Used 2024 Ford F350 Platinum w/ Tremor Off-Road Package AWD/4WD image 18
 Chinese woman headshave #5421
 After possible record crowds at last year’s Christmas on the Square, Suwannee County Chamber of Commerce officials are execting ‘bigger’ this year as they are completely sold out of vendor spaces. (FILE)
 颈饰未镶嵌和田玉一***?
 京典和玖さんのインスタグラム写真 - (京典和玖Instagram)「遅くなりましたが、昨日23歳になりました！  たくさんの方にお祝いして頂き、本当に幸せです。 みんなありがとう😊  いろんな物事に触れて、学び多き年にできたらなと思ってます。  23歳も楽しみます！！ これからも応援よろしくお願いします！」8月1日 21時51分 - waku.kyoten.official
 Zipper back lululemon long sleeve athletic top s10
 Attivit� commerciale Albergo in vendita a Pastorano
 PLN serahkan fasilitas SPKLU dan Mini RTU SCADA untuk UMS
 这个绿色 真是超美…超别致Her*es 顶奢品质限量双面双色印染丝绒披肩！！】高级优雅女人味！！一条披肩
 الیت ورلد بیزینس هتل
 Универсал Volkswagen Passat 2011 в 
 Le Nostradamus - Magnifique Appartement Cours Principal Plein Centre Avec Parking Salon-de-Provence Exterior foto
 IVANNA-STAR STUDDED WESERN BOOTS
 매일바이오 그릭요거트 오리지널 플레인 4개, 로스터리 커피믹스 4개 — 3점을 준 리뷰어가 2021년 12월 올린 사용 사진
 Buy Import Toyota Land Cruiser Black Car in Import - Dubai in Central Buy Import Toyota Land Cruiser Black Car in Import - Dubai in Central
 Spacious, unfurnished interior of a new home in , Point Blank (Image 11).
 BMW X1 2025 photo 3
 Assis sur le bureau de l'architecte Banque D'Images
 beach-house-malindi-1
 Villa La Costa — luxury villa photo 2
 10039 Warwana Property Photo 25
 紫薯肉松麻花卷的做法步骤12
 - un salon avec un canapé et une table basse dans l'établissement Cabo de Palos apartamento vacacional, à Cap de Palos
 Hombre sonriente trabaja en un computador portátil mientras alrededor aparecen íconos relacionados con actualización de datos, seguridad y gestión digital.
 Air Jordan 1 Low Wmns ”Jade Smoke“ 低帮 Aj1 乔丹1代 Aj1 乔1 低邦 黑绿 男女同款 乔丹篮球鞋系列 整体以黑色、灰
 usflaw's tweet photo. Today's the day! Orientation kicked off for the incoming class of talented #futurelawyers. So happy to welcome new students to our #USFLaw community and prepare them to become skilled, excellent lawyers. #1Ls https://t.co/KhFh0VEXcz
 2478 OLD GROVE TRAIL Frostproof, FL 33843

* * * * *

Out of the data above, transcribe exactly and only the lines starting with the line that has "京典和玖さんのインスタグラム写真 - (京典和玖Instagram)「遅くなりましたが、昨日23歳になりました！" and going on through the line that has "Универсал Volkswagen Passat 2011 в", both included.

 京典和玖さんのインスタグラム写真 - (京典和玖Instagram)「遅くなりましたが、昨日23歳になりました！  たくさんの方にお祝いして頂き、本当に幸せです。 みんなありがとう😊  いろんな物事に触れて、学び多き年にできたらなと思ってます。  23歳も楽しみます！！ これからも応援よろしくお願いします！」8月1日 21時51分 - waku.kyoten.official
 Zipper back lululemon long sleeve athletic top s10
 Attivit� commerciale Albergo in vendita a Pastorano
 PLN serahkan fasilitas SPKLU dan Mini RTU SCADA untuk UMS
 这个绿色 真是超美…超别致Her*es 顶奢品质限量双面双色印染丝绒披肩！！】高级优雅女人味！！一条披肩
 الیت ورلد بیزینس هتل
 Универсал Volkswagen Passat 2011 в 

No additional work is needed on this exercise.